While younger men started with a higher erectile function score, and their recovery after RP was better, it was never good enough to be better than the erectile function of an older man who didn't have surgery. At all time points, they would have been better off if they had delayed treatment and stayed on active surveillance. There was no "window of opportunity" where younger age recovery exceeded what would be expected to happen if they waited.

The authors conclude:
Small differences in erectile function recovery in younger men are offset by a longer period of time living with decreased postoperative function. Better erectile recovery in younger men should not be a factor used to recommend immediate surgery in patients suitable for active surveillance, even if crossover to surgery is predicted within a short period of time.

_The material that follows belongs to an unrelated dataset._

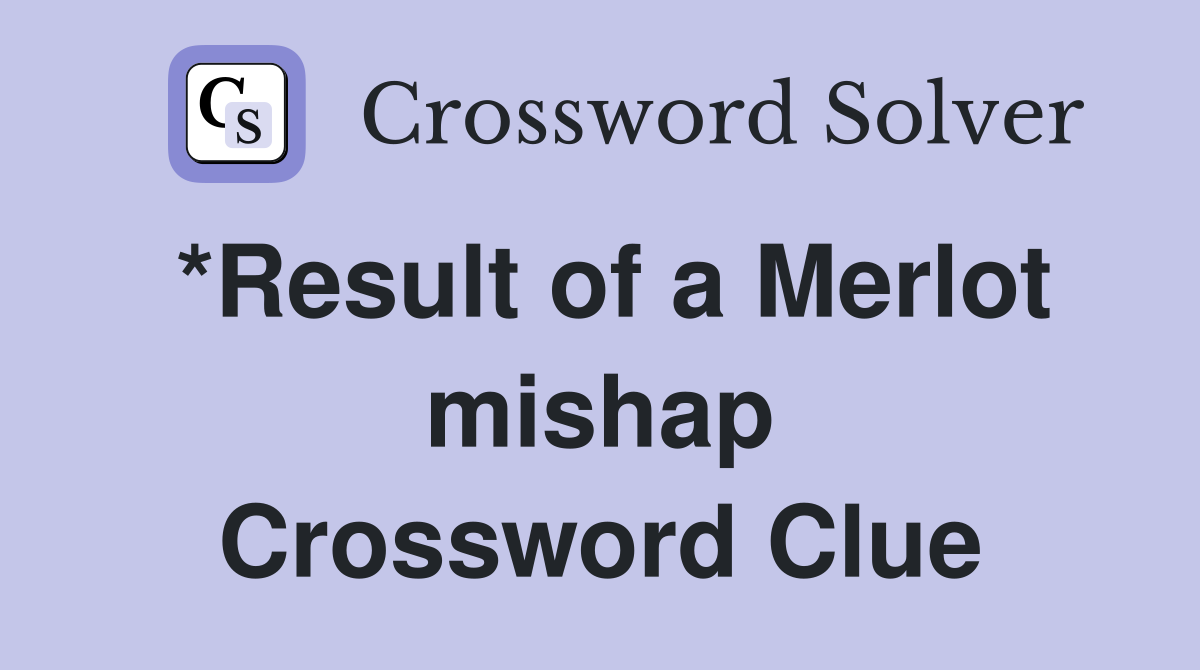 *Result of a Merlot mishap Crossword Clue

I hope patients whose urologists spout the myth that "early surgery will lead to better long-term erectile function than delaying until he is older" will email this important study to them and ask for comment.

Monday, August 28, 2017

After failure of first-line radiation, both kinds of salvage brachytherapy are equally effective

A group of researchers at Memorial Sloan Kettering Cancer Center (MSKCC) reported in 2014 (see this link) on the outcomes of 42 patients with radio-recurrent prostate cancer treated with salvage high dose rate brachytherapy (sHDR-BT). The results were quite good - over two thirds had no evidence of further recurrence as of 5 years, and grade 3 toxicity (serious, requiring treatment) was limited to one patient with late-term urinary incontinence. Kollmeier et al. have now updated their results and compared them with outcomes of men treated with salvage low dose rate brachytherapy (sLDR-BT).

All patients were treated between 2003 and 2015, and all salvage treatments were whole gland, not focal or hemi-gland.

  • 37 patients received sLDR-BT
  • 61 received sHDR-BT
  • 45% received adjuvant androgen deprivation therapy (ADT)
  • All patients were screened for distant metastases with a CT or MRI and a bone scan at least
  • All patients had biopsy-confirmed cancer in the prostate

After a median follow-up up 31 months:

  • 3-year PSA relapse-free survival (RFS) was 60%
  • Both therapies were similar
  • RFS=39% for those with PSA doubling times (PSADT) less than 1 year vs. 72% for those with PSADTs of a year or more.
  • No statistically significant differences in urinary or rectal toxicity between the two therapies: most returned to baseline function.
  • sLDR-BT had a higher rate of acute urinary toxicity
  • Erectile function was not measured because of high rates of pre-existing impotence and ADT usage

In the Fuller study of salvage SBRT (see this link), bRFS was 82% at 2 years, and ADT was not used. NIH will soon begin recruitment for a clinical trial of salvage SBRT (NCT03253744), which includes detection using the DCFPyL PET/CT - the best of the new generation. Dr. Kollmeier mentioned that MSKCC has treated a few select patients with salvage SBRT as well. They are also looking at using a more tailored approach: adding systemic therapy for higher grade recurrences and focal/hemi-gland treatment for less aggressive cases. MSKCC is on the leading edge of using the new generation of PET/MRI scans which will undoubtedly improve patient selection going forward.